Yaz sezonu gelip de sene boyu takip ettiğim bütün diziler ya bitti ya da bitmek üzere. Dolayısıyla fazla boş vakti olan bir insan olarak haftalık programıma eklemek için yeni diziler aramaya başladım. Açıkçası yaz sezonu bu konuda bize çok fazla alternatif sunmuyor. Yine de araştırmalarım sırasında dikkat çeken bir diziye rastladım: Dark Matter.

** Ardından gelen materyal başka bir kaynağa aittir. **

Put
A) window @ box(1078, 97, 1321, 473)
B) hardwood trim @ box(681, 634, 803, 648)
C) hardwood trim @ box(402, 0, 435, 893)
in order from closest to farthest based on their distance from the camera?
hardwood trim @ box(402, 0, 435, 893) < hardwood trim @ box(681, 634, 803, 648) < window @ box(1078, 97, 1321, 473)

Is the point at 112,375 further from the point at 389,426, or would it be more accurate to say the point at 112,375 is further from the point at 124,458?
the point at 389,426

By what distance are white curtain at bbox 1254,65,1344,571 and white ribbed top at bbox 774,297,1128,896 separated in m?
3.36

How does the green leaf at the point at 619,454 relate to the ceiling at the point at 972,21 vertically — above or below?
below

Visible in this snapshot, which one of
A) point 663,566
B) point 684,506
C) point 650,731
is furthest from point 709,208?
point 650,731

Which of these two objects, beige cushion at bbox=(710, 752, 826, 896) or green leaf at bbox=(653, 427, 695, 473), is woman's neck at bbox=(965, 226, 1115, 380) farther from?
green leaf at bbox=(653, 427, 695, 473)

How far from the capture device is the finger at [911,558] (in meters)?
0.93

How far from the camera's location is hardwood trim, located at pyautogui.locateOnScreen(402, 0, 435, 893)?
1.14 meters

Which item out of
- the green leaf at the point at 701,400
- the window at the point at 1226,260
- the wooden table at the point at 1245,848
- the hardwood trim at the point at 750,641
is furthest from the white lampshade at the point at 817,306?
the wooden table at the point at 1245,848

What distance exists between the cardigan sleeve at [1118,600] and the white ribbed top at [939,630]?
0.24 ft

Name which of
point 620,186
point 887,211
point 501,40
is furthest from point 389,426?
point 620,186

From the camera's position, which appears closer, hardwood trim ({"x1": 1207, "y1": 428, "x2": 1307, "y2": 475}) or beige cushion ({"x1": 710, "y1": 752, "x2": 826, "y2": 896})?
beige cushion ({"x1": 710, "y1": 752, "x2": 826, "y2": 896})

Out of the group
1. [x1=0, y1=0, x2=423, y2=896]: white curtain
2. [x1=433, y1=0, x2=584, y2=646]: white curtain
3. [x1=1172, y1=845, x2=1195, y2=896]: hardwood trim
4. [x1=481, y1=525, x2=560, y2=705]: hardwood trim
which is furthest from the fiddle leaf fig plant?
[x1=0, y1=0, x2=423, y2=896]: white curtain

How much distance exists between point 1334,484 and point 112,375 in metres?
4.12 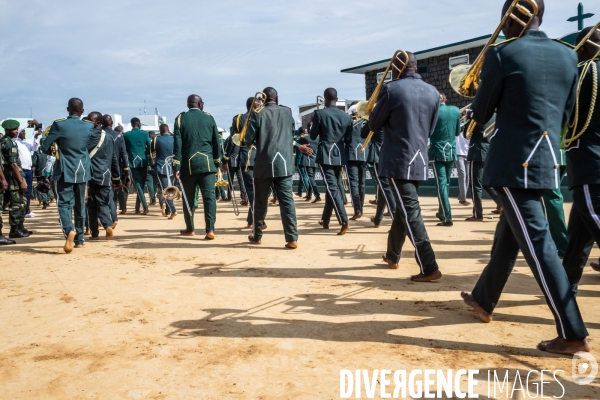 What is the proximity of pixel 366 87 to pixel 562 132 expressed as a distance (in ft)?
84.2

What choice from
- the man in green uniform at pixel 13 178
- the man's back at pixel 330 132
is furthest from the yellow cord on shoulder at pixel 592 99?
the man in green uniform at pixel 13 178

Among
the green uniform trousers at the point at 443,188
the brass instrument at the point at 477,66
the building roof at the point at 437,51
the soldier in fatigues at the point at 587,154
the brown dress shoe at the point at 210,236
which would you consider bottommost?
the brown dress shoe at the point at 210,236

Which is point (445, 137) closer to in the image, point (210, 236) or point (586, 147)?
point (210, 236)

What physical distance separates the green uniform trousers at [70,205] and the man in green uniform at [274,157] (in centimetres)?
249

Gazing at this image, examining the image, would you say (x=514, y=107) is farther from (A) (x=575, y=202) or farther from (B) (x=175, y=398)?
(B) (x=175, y=398)

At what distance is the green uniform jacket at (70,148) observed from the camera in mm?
7746

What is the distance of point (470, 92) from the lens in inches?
171

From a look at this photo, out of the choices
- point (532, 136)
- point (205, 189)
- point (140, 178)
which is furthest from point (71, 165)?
point (532, 136)

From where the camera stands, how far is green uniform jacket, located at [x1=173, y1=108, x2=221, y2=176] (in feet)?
27.7

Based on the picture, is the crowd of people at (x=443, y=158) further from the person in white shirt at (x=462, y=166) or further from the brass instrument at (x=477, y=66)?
the person in white shirt at (x=462, y=166)

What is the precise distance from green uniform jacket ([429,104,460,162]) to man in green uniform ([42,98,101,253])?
529 cm

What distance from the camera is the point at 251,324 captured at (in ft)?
13.4

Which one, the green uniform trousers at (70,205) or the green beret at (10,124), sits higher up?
the green beret at (10,124)

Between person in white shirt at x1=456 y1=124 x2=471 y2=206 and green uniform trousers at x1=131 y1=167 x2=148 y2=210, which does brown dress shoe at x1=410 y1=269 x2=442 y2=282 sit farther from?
green uniform trousers at x1=131 y1=167 x2=148 y2=210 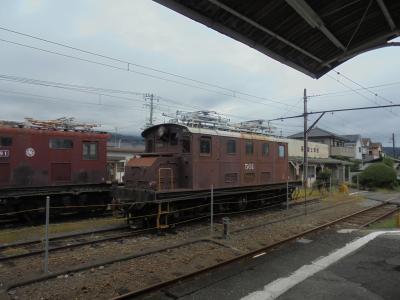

Dark Matter içeriğini Dark Horse’un 2012 yılında 4 sayı olarak yayınladığı bir çizgi roman serisinden alıyor. Çizgi romanın yaratıcıları ve dizinin prodüktörleri Stargate dizilerinde yazarlık yapmış olan Joseph Malozzi ve Paul Mullie. Bu işlerinin de içerik olarak öncekilere benzerlik gösterdiğini söyleyebiliriz. Uzun zamandır Battlestar Galactica’nın yerini doldurmak için uğraşan SyFy kanalında yayınlanıyor Dark Matter.
Dizinin konusu bir uzay gemisinde zihinleri silinmiş olarak uyanan 6 kişinin neler olduğunu anlamaya çalışmaları üzerine kurulu. Hafızaları silinmiş ama yetenekleri yerlerinde duruyor. Tabii ki karakterlerimizin her biri farklı bir triplerde. İlk bölüm için karakterlerin biraz fazla klişe göründüğünü söylemem lazım. İyi ve yakışıklı çocuk, serseri kötü adam, zeki ama seksi kadın, sağduyunun sesi zenci adam, üstün yakın dövüş yeteneğine sahip soğuk asyalı, birde saf küçük kız, bir de olmazsa olmaz android hanım kızımız var. O noktada bir orijinallik yok anlayacağınız. Önceden tanıdığım bir oyuncu dikkatimi çekmedi ama rollerin klişeliği dışında çok kötü diyebileceğim bir oyunculuk da yok aslında. Çok üst düzey bir performans olduğunu da söyleyemem tabi.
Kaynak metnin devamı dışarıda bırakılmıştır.